In a cab, just now. The driver: "Where ya from?" I told him I grew up in Maine and had lived here for twenty-two years. I didn't tell him that I was born in D.C. because I didn't think he'd give a shit (in fairness, I barely do). I didn't think he gave a shit where I was from anyway; he seemed to be doing what cab drivers do sometimes, especially old-school ones, where they feel you out and see if you might be interested in talking about how Jews control everything, or how the "fucking Asians" are ruining New York -- and, also, shouldn't be allowed behind the wheel of a car, ever -- or how Muslims are going to blow up the world.
"Yeah me? I've been here for sixty-eight years. Born and raised," he said, and I didn't get a chance to respond because then he told me about how we weren't going to take the FDR to the Brooklyn Bridge because it was a parking lot, so we were going to take the "scenic route," and I fake-laughed at his non-clever turn of phrase and said that was fine.
"Yeah me? I'm a dinosaur."
"Uh huh," I said.
"I don't actually exist."
"Ha ha, yeah," I said.
"I'd need a cellphone and a fucking turban," he said, referring to the fact that many cab drivers in New York talk on their cellphones while driving, even though it's illegal to drive a taxi and talk on your phone at the same time. And referring to the fact that we have a lot of Sikh cab drivers here (who, almost to a man, wear turbans). Although my guess is that it wasn't just Sikhs he had a problem with; that Arabs, Jamaicans, north Africans, sub-Saharan Africans, Haitians, south Asians, east Asians, southeast Asians, and probably Russians and Ukranians were also on his shit list: the immigrants who make up about ninety-nine percent of yellow-cab drivers.
This was where I was supposed to say, "yeah, fuckin' Arabs," or something, and then he and I could talk about how things used to be alright before there were so many non-white people.
I didn't say anything; I pretended to mess with my phone.
But I thought about John Self, Martin Amis's protagonist in his novel Money. Self -- alcoholic and misanthropic and self-loathing and English and generally miserable -- arrives at JFK from London and takes a cab to Manhattan. After careening off the Triborough and onto the FDR and then into the surface streets of East Harlem, his driver gets going on the topic of the large number of "niggers and PRs" to be found in New York, and attempts to draw Self out on this topic.
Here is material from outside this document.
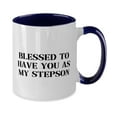 thumbnail image 2 of Funny Stepson Gifts, Blessed To Have You As My, Fancy Birthday Two Tone 11oz Mug Gifts Idea For Son, Stepson Gifts From Dad, Joke cup, Gag gift cup, Funny coffee mug, Humorous cup, 2 of 2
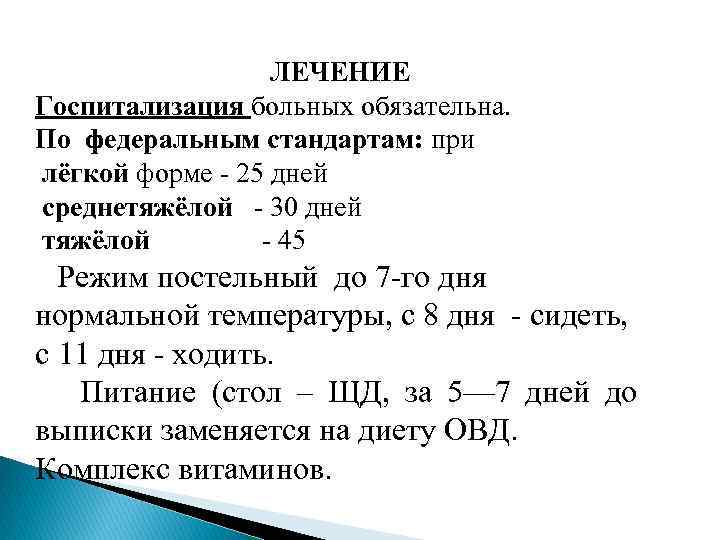 ЛЕЧЕНИЕ Госпитализация больных обязательна. По федеральным стандартам: при лёгкой форме - 25 дней среднетяжёлой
"Only need about a hundred guys, a hundred guys like me," the driver says, to get rid of all the niggers and PRs.
Self is horribly hung over and doesn't have the energy to do anything but humor his driver: "A hundred guys? That's not many guys."
"They think, you know," says the driver, "you drive a yellow cab, you must be some kind of a scumbag."
The irony is, perhaps, too much for Self, even in his weakened state: he sighs and leans forward and says, "You know something? You really are a scumbag. I thought it was just a swearword until you came along. You're the first real one I've met."